Task description:
Your output should be an exact copy of the records, with no pictures in it.

[Dataset entries]

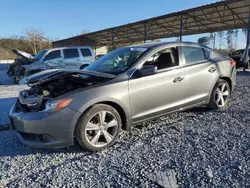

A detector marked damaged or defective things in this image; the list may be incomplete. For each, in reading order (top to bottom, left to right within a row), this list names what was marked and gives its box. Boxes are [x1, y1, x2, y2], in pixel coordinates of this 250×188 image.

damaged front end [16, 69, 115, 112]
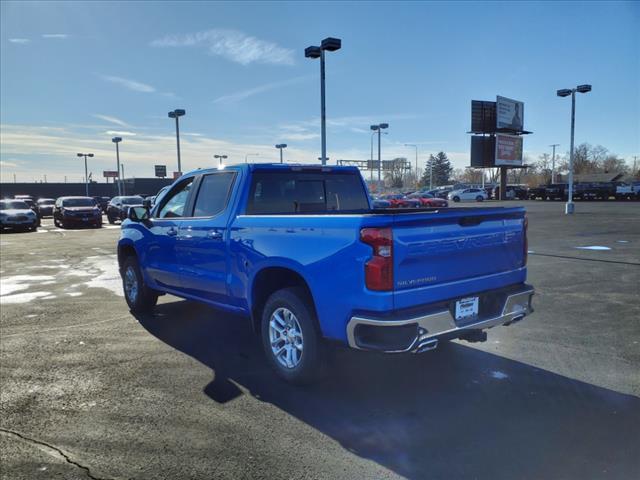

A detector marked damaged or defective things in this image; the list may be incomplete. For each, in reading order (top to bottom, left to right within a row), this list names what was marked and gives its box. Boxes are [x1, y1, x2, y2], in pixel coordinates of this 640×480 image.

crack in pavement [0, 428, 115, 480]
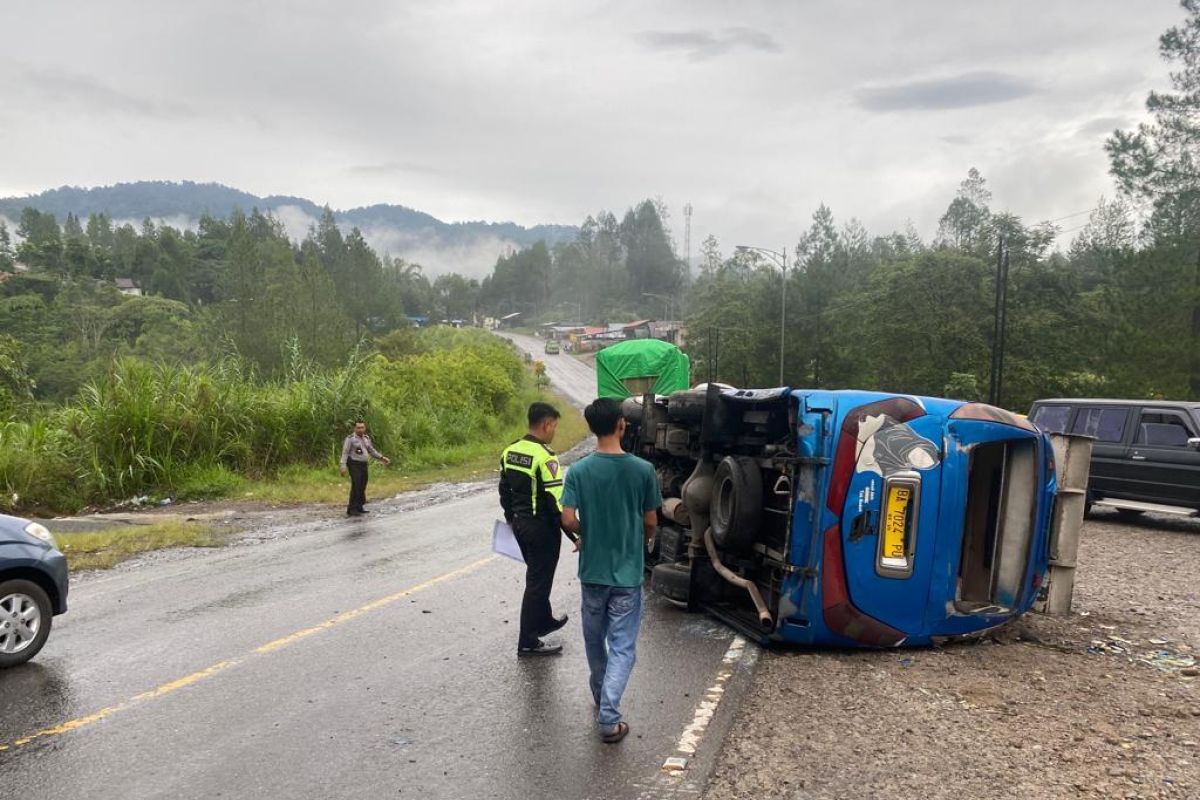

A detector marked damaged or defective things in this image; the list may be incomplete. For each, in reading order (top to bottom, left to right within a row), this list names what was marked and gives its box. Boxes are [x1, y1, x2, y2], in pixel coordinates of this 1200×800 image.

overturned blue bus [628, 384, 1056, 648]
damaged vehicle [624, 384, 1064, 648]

Problem solution:
A detector marked damaged or defective things in this image; the list may be incomplete. For each, in reading order (top to bottom, left to right within a row), this list names what was marked and gives its box. Boxes are [x1, y1, x2, y2], in pixel coordinates of this 250×188 image.

damaged front end [16, 69, 115, 112]

A detector marked damaged or defective things in this image; the list may be incomplete. For each, in reading order (top to bottom, left to right within a row), this list names what was marked and gives its box. Boxes are [x1, y1, x2, y2], in pixel coordinates of this 640×480 image.

crack in pavement [0, 428, 115, 480]

A detector marked damaged or defective things in this image; the list may be incomplete. For each, in reading order (top to bottom, left to right within a row), this list names what was marked and gives its box. Boxes are [x1, y1, x2, y2], in pixel coordinates of this 1200×800 image.

overturned blue bus [628, 384, 1056, 648]
damaged vehicle [624, 384, 1064, 648]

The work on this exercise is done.